It’s been a turbulent time for UK savers, with interest rates remaining at an all-time low since 2009. The interest rates on most high-street savings accounts are now so low you are lucky to earn a measly £1 for every £10,000 you deposit. For anyone with cash to deposit, there are very few options, with NS&IB bonds offering paltry returns. Even cash ISAs are no longer worth investing in, Interest rates have fallen and there are no deals to be had.
Unfortunately, it appears as if there is very little respite in sight, at least not yet. Bank of England rates are currently sitting at 0.25%. This means UK savers are getting virtually no return on their investments, and with inflation rising, the majority of UK savings accounts are now paying out below the current rate of inflation.
Inflation has been very low since 2011, but there are ominous signs that it’s creeping up once again. December marked a sharp rise for inflation, with a jump from 1.2% in November to 1.6%. A fall in the value of the pound, together with continued uncertainty over Brexit, has combined to drive up prices. Experts widely believe that inflation could rise as high as 2.8% within two years, which will have a big effect on UK savers.
There is a possibility that the Bank of England will raise interest rates if inflation continues to rise, but some experts fear this will not be the case. At best, the Bank of England could raise the current rate from 0.25% to 0.5% in response to the inflationary pressure, but this would not help UK savers.
Some Grounds for Optimism
There is some respite ahead for UK savers. If inflation spikes further than current Bank of England predictions, or if the economy performs badly in the wake of a Brexit split, there is a strong possibility that the Governor will increase interest rates to put the brakes on inflation. However, many experts fear that interest rates will remain low until at least 2020.

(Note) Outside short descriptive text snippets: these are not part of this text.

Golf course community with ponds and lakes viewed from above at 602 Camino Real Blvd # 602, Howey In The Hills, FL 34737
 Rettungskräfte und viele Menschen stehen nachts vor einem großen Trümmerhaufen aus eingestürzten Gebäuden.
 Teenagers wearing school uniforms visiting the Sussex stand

In the long-term, low interest rates and high inflation will cause misery for millions of savers, as the value of their nest eggs will gradually erode. This is particularly the case for savers who keep savings in easy-access savings accounts or cash ISAs. There has been very little competition from challenger banks in this area of the market, so there are few good deals to be had, if any.
Look for Better Savings Deals
What could happen is that many poorly performing savings products will be withdrawn from the market. If you find that your lender is withdrawing your product, use the opportunity to look for a better deal. Fixed rate savings products tend to offer better rates of interest when compared to easy-access accounts. Look for products offered by challenger banks rather than big-name brands, and you will find a better rate of interest. There are likely to be new products entering the savings market in mid-2017, so make a point of shopping around for the best rates.
If interest rates do remain low whilst inflation continues to rise, it’s going to be a very tough year ahead for UK savers, as savings will struggle to keep up with inflation. If you have any debt, use what savings you do have to reduce your debt burden.